The apartment is filled with little garbage flies. The kind that find their way into the tops of open liquor bottles in corporate bars. too busy serving drinks and counting money to take any care in the preparation. They stop on the wall and wait for something in the room to move before they begin frantically searching for something else to land on and feed off of. There is no food in the house, only remnants of half meals and takeout packages that for some reason don't give off an odor, but give the illusion of the idea that we are alive and that we consume. However, I happen to know the truth. We are dead. We are the living dead and we want to feed on flesh. Our own flesh is enough for us now, but our hunger and desire will continue to become fierce and carnivorous in the way of all evolving life. We cannot be symbiotic.

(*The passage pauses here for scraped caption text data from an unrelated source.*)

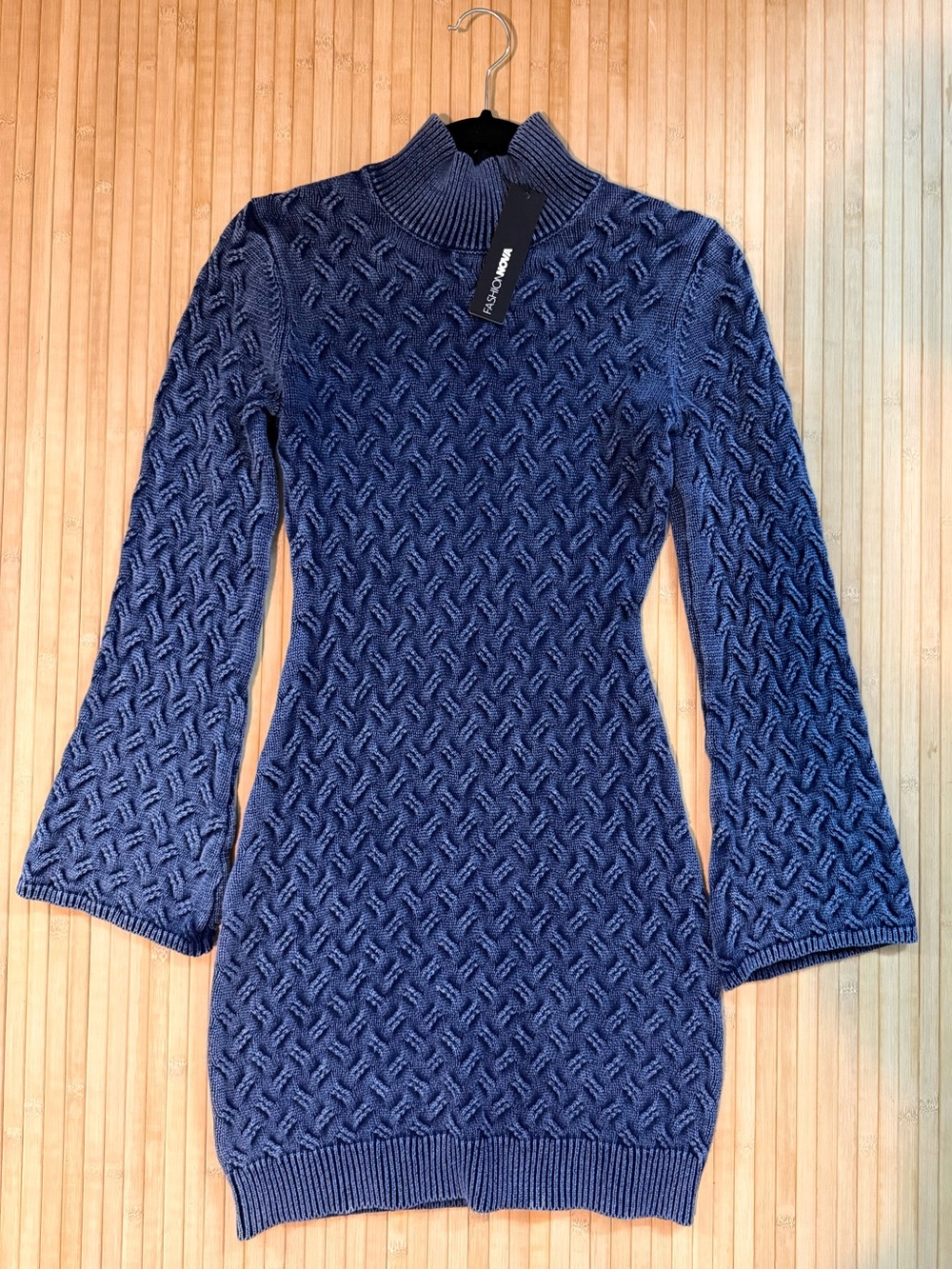 NWT Fashion Nova London Sweater Mini Dress Navy Blue XS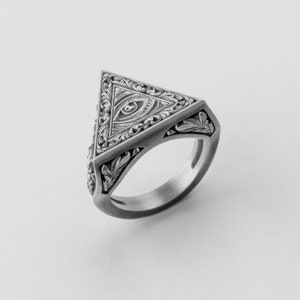 Illuminati Ring, Triangle Design, Eye of Providence, Mason Ring, Secret Society, All-Seeing Eye, Symbolic Jewelry, Accessory, Occult Ring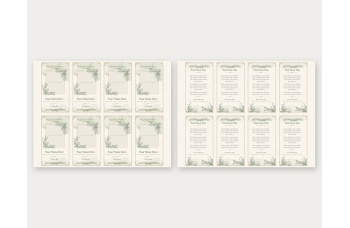Modern botanical prayer card template print sheet blank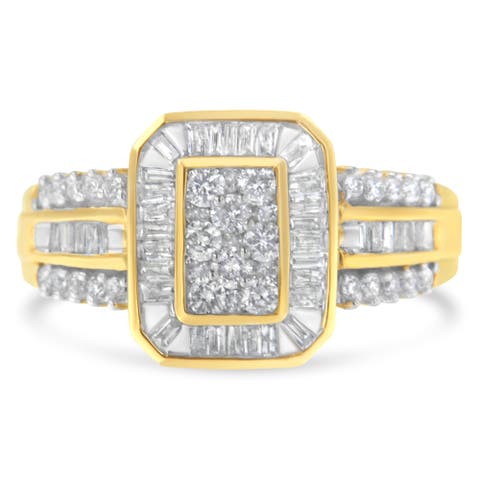 10K Yellow Gold 1.0Cttw Round and Baguette Diamond Cocktail Ring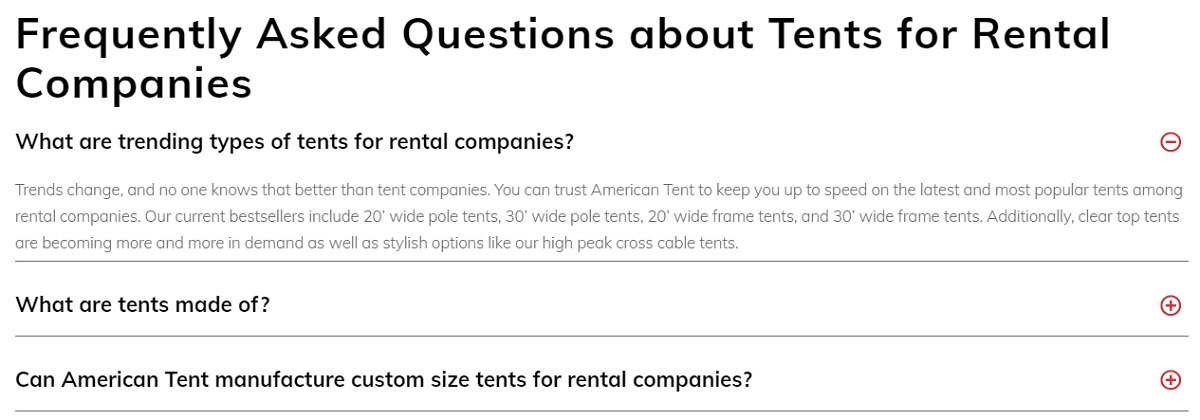 FAQ-Abschnitt zu einem Zelt-E-Commerce-Shop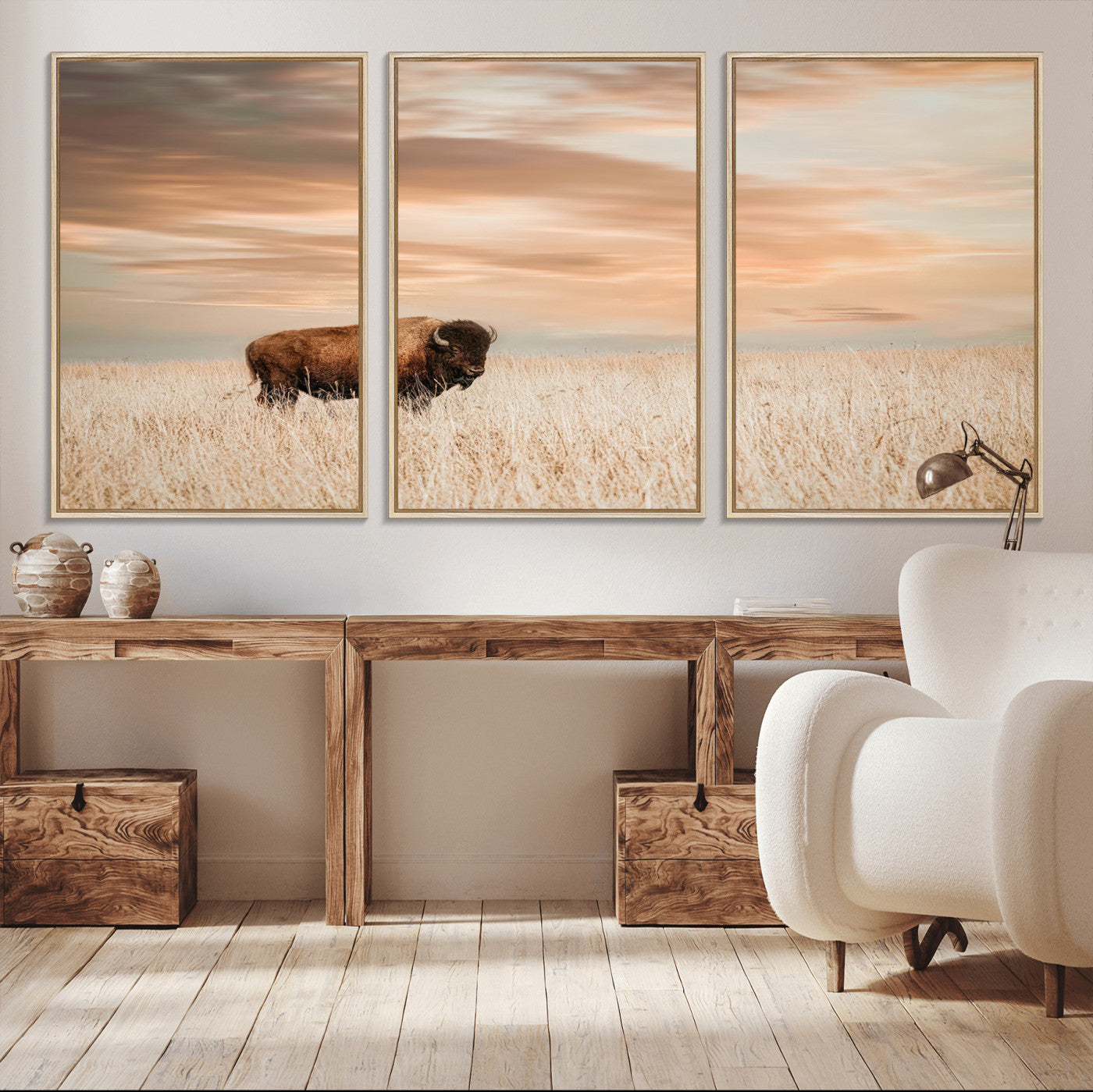 Bison Wall Art Print - Buffalo Canvas Print, featuring a lone bison in a golden prairie under a warm sunset sky, perfect for rustic and farmhouse decor.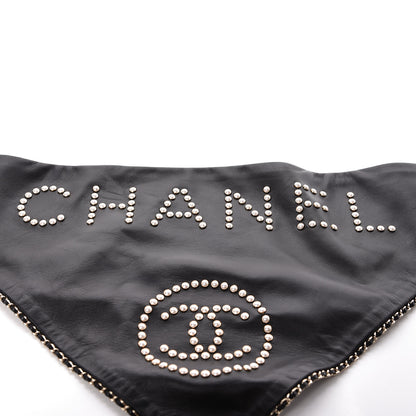 Chanel Lambskin Pearl Studded CC Bandana Black 3 of 4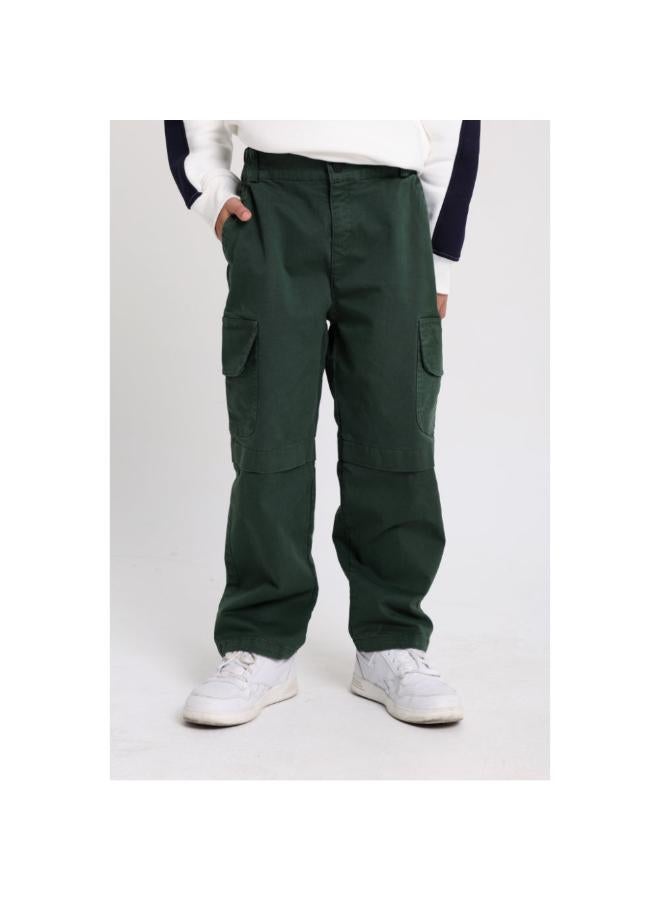 playmore Unisex Gabardine Cargo Pants – Dark Green - Image 1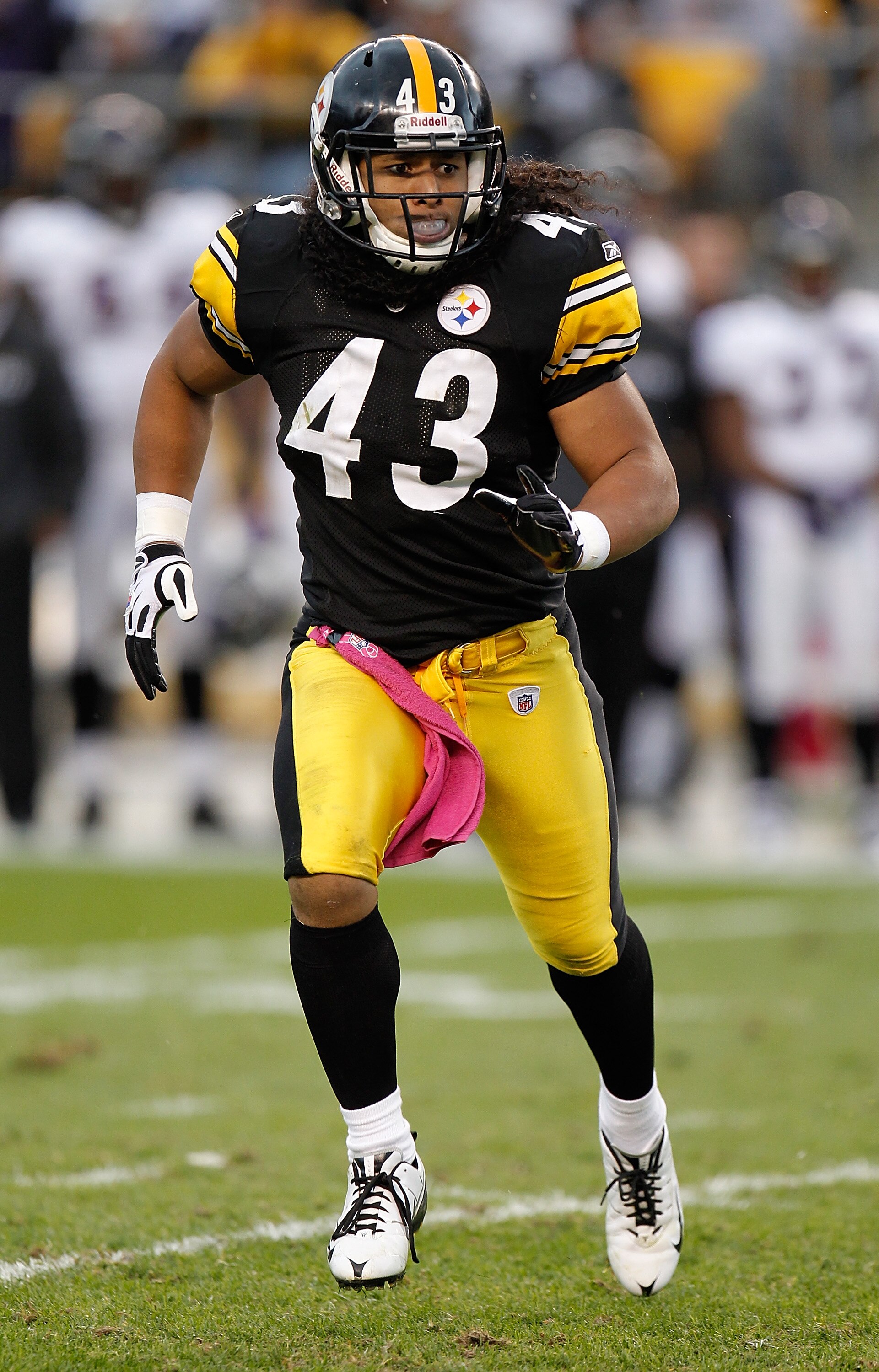 PITTSBURGH - OCTOBER 03: Troy Polamalu #43 of the Pittsburgh Steelers follows the play during the game against the Baltimore Ravens on October 3, 2010 at Heinz Field in Pittsburgh, Pennsylvania. (Photo by Gregory Shamus/Getty Images)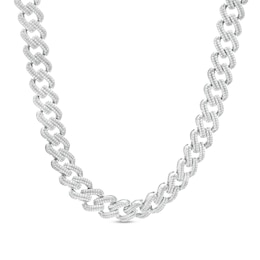 Men's 10 CT. T.W. Diamond Curb Chain Necklace in 10K White Gold – 22"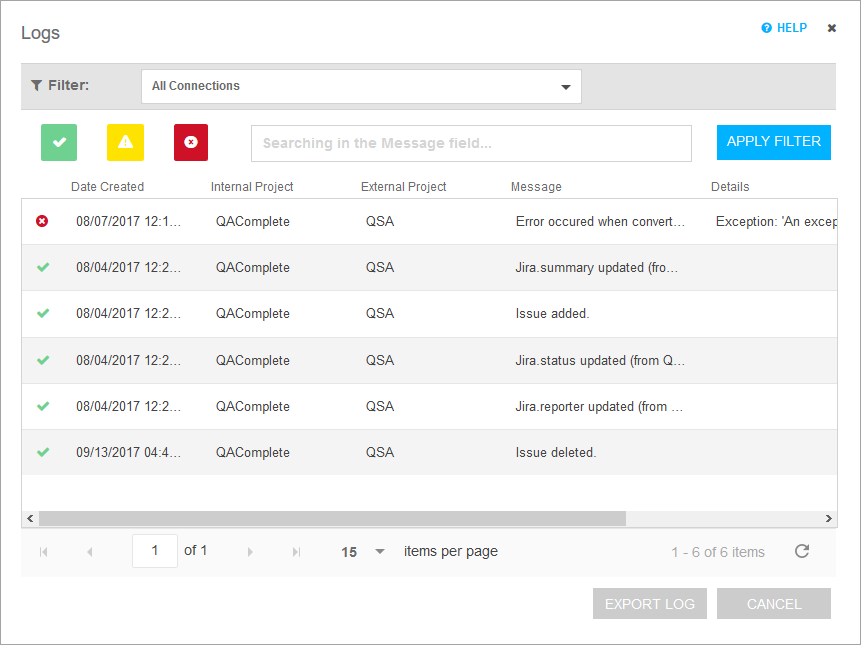 QAComplete: The connection log screen QAComplete: The connection logs screen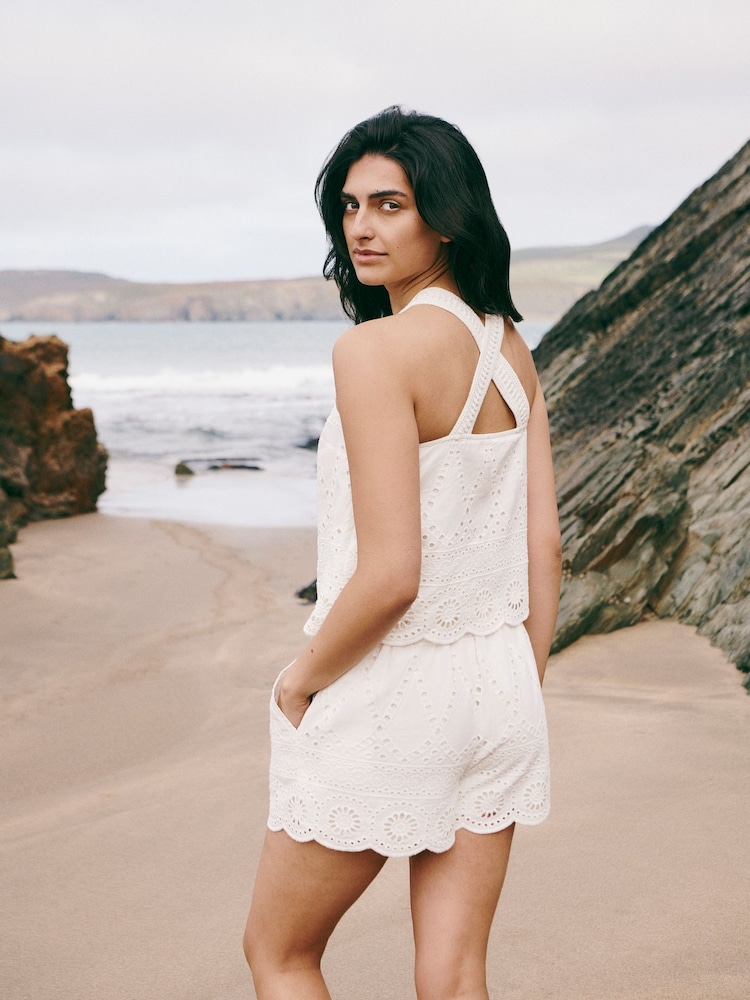 Laura Ashley White Broderie Shell Top - Image 4 of 4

Plagued by curiosity about other people who share our affliction . . . our sickness, we reach out constantly. We use the internet and find the things that we want to know, but the necessities escape us. Why must we work so hard so that other people may remain wealthy? Why must we bother with these scraps that they leave for us. We live in the haunted amusement park that is the decaying and rotten part of 20th century america. We were born into a system that can't fix itself. It has run down. It has been running down for almost a hundred years. We don't know why we are drawn to drugs and violence. We don't know why SEX is greater than GOD to us. We know that we are lost and we sense that we are somehow doomed. This is only an illusion. Priests rape children and retire in Ft. Lauderdale. Rivers dry up, while there's flooding two hundred miles away. Everything we think we know has been called into question. We are living and yet skeptical about whether or not we are alive. We have ontological issues. We love fire and we use it every day.
She's made her point. I know that she needs to believe that she can affect my behavior. So I am letting her believe that and I am allowing her to gain some evidence in that regard. I have allowed for her tantrums to alter how I behave and I give it back to her full force when she wants to fuck. Which is most of the time.
We are running. We are not so much frightened as we are horrified at the idea of this country. The whole damned mess has started to become clear to us and we can't stand the sight of blood. The bile and the viscera beneath the skin that covers the bone has shaken our understanding of reality. We know of skulls, but we have never examined one. I fear that our curiosity will grow further still. I fear that when we really start running, that we will be running for a reason, and that there will be something very real at our heels.